Inputs may be **pandas, polars, or numpy**.

## Methods

| Method | Class | Core idea | Assumption |
|---|---|---|---|
| Simple augmentation | `SimpleAugmentation` | Hard 0/1 label by score cutoff | Accept model ranks rejects |
| Fuzzy augmentation | `FuzzyAugmentation` | Two weighted rows per reject (P(bad), P(good)) | MAR; smooth labels |
| Parcelling | `Parcelling` | Per-score-band bad rate × `uplift` | Rejects worse by a fixed factor |
| Reclassification | `Reclassification` | Iteratively relabel & refit | Labels converge |
| Extrapolation / twins | `Extrapolation` | Local bad rate of nearest accepts | Similar applicants behave alike |
| Inverse-propensity reweighting | `Reweighting` | Reweight accepts by `1/P(accept)` | MAR; invents no labels |
| Self-training | `SelfLearning` | Pseudo-label only confident rejects | MAR; confident labels reliable |
| Heckman control function | `HeckmanClassifier` | Add inverse Mills ratio as a feature | Gaussian selection latent |

All resamplers share `fit(X_accept, y_accept, X_reject)` → `resample()` returning `(X, y, sample_weight)`. `HeckmanClassifier` augments the feature space, so it is a standalone classifier rather than a resampler.

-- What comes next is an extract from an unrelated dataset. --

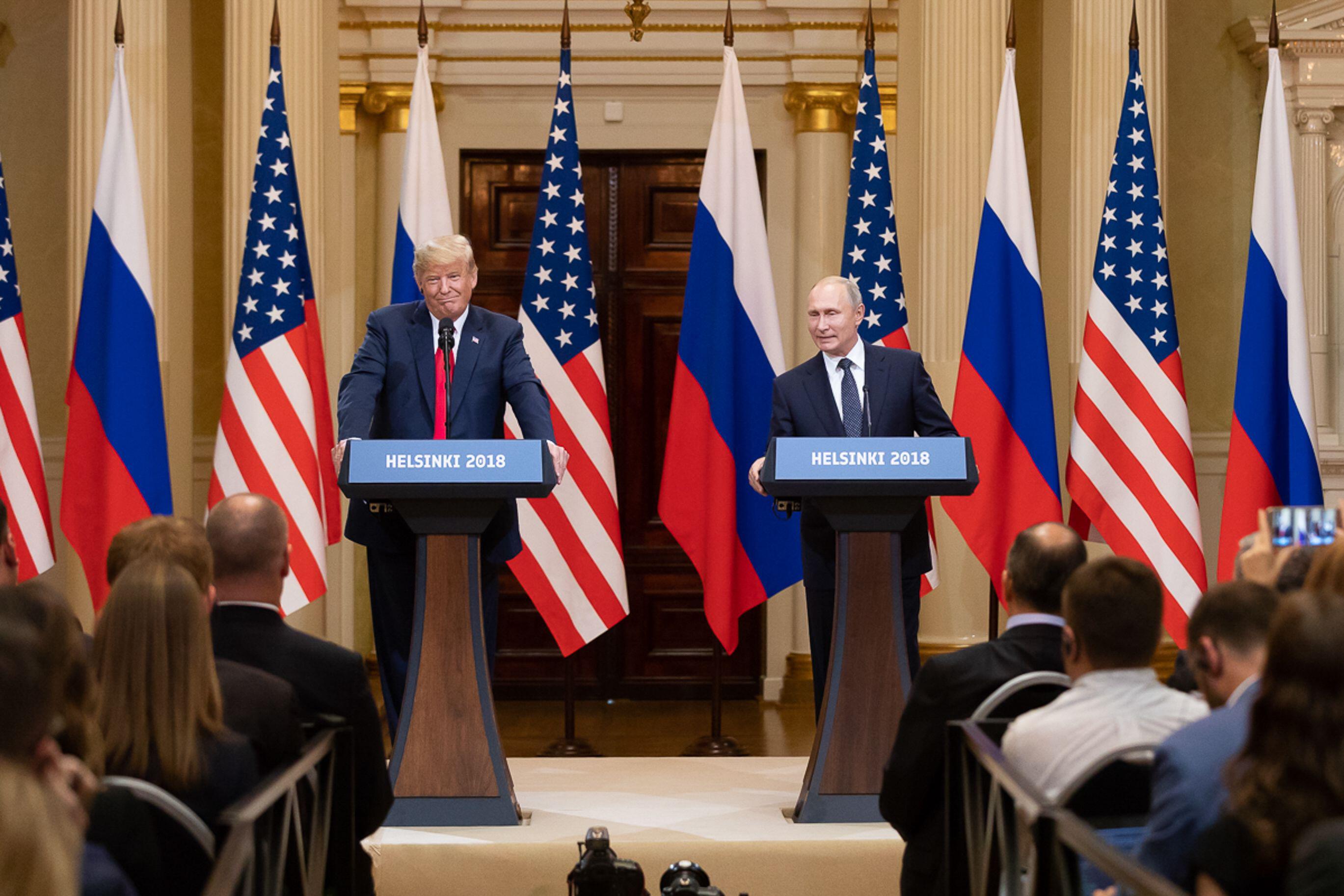 Care va fi atitudinea lui Donald Trump în timpul negocierilor cu Vladimir Putin: la Helsinki, în 2018, a fost extrem de prietenos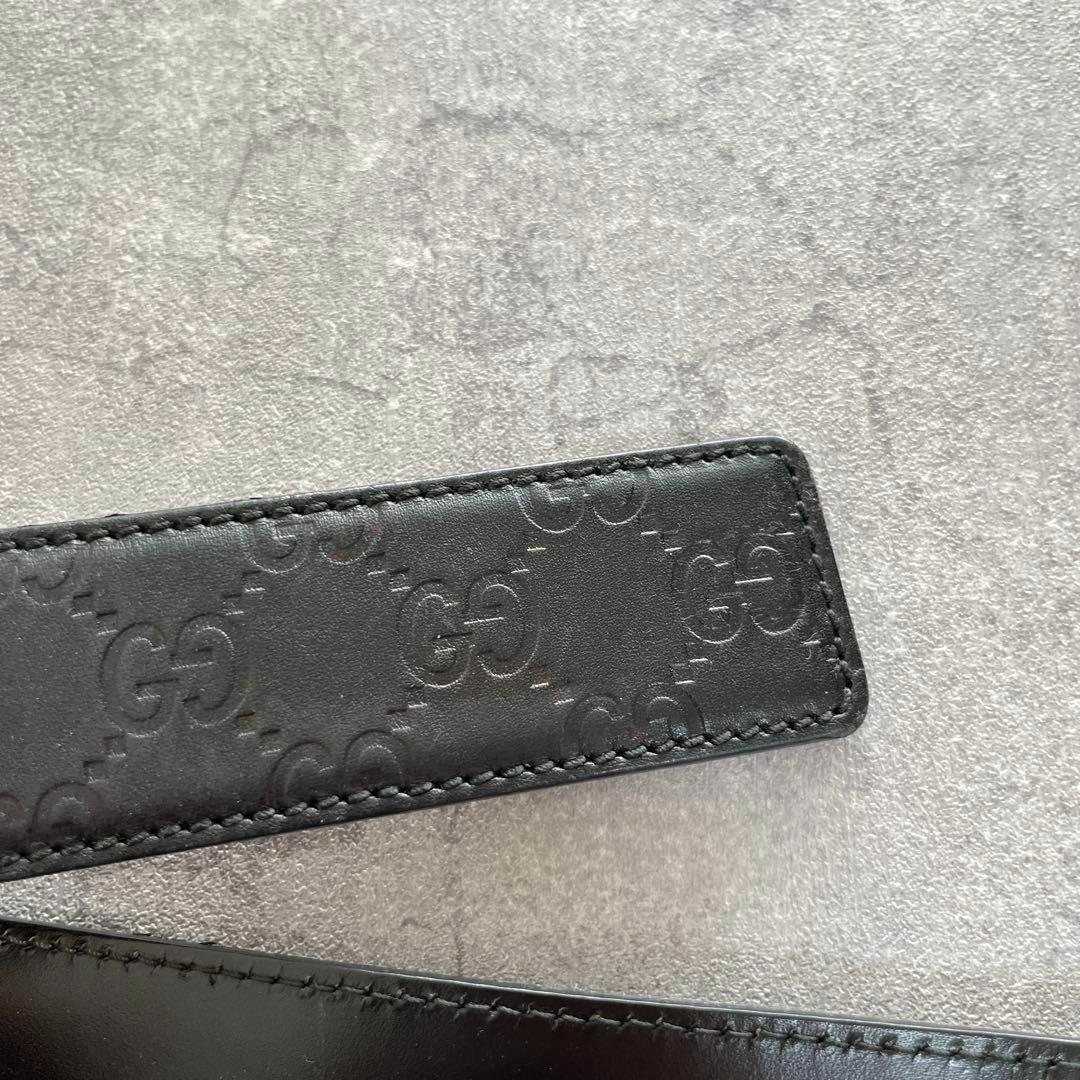 GUCCI - GUCCI ブランドロゴバックルベルト ロゴ型押しパターン GUCCI - GUCCI ブランドロゴバックルベルト ロゴ型押しパターン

## Does reject inference actually help? Measure it.

You can never validate reject inference directly, because rejects have no outcome — the literature is genuinely split on whether it helps at all. `MaskedRejectBenchmark` settles the question **on your own data**: it hides the labels of a synthetically "rejected" subset of a labelled dataset and checks how well each method recovers a model close to the *oracle* (trained on the full population) versus the *naive* accepts-only baseline.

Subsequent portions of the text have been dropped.